Copy out, unchanged, the entries below from the "РЫЧАГ НА TOYOTA ARISTO JZS160 2JZ-GE" line to the final line. Omit pictures.

<<<<

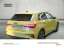 Audi A3 40 TFSI Hybride S-Tronic Sportback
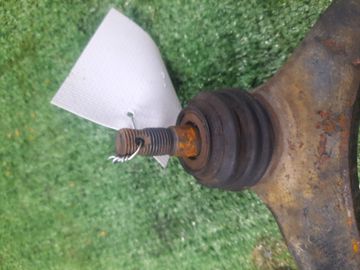 РЫЧАГ НА TOYOTA ARISTO JZS160 2JZ-GE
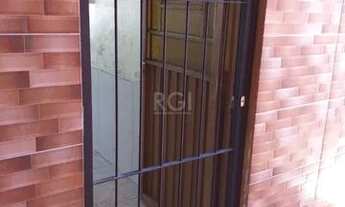 Imagem 5: Casa em Camaquã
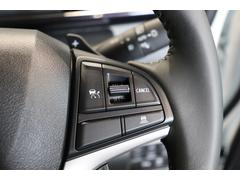 �ڥϥ�ɥ�ܥ�����������礭�����餹���Ȥʤ��ܥ��������Ԥ����Ȥ��Ǥ���Τǡ������ˤ���θ�Ǥ��ޤ��͡� 4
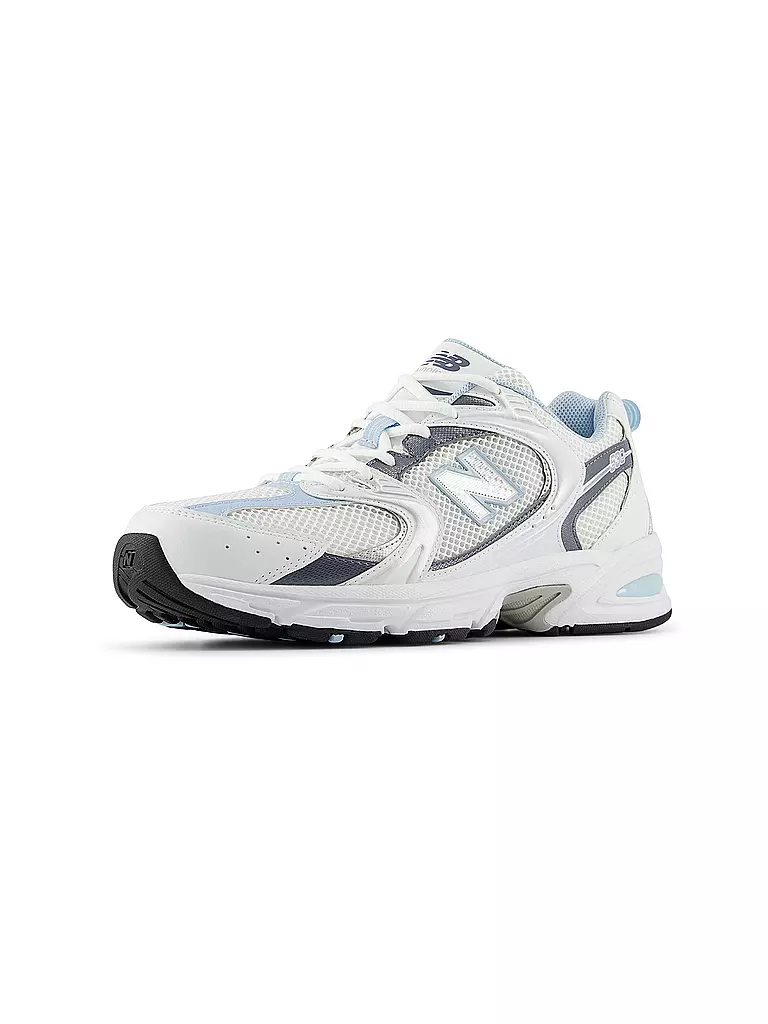 NEW BALANCE | Sneaker 530 | Bianco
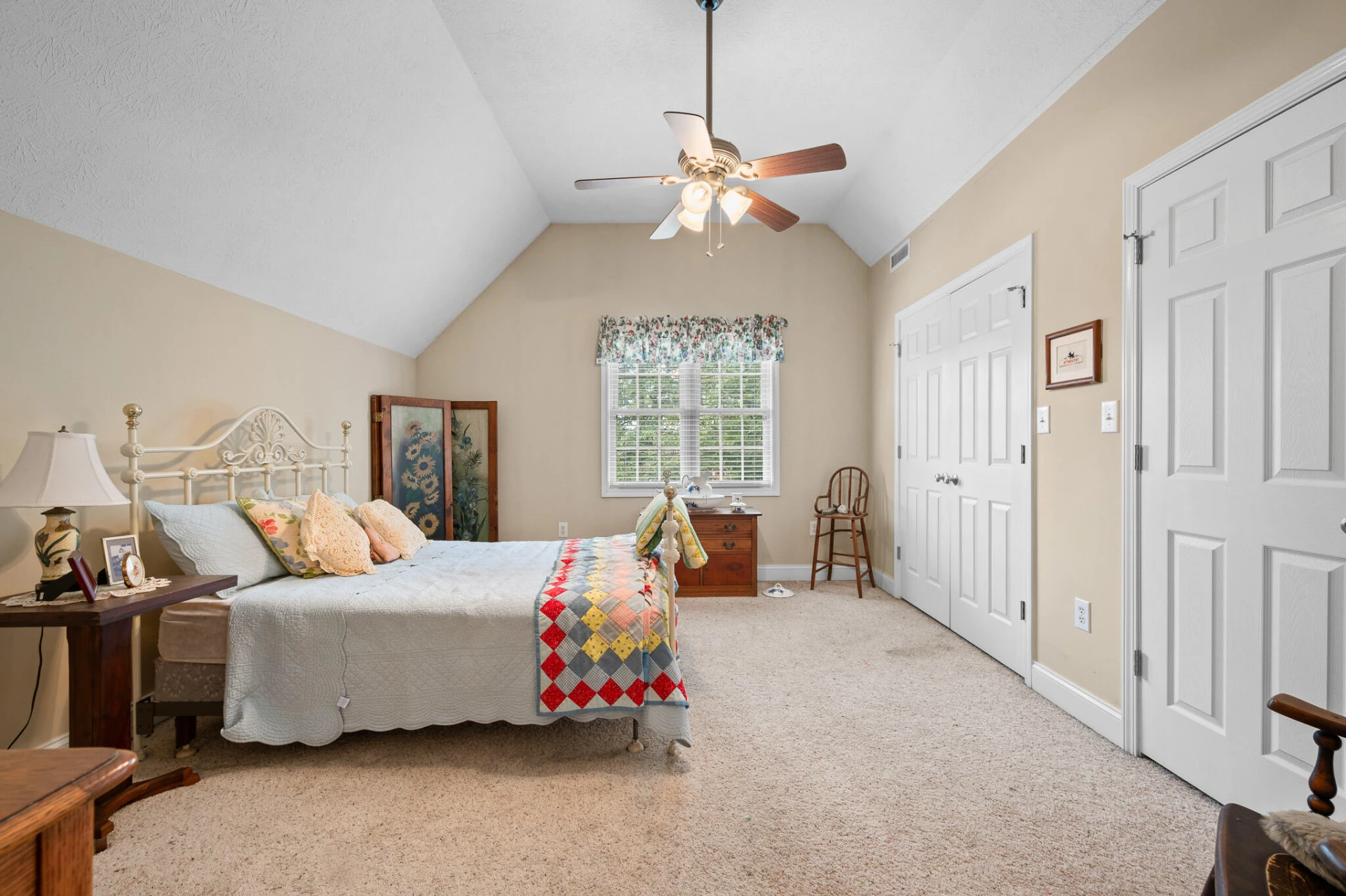 1728 Wycliffe ST - Photo 38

>>>>

Response to this exercise
 РЫЧАГ НА TOYOTA ARISTO JZS160 2JZ-GE
 Imagem 5: Casa em Camaquã
 �ڥϥ�ɥ�ܥ�����������礭�����餹���Ȥʤ��ܥ��������Ԥ����Ȥ��Ǥ���Τǡ������ˤ���θ�Ǥ��ޤ��͡� 4
 NEW BALANCE | Sneaker 530 | Bianco
 1728 Wycliffe ST - Photo 38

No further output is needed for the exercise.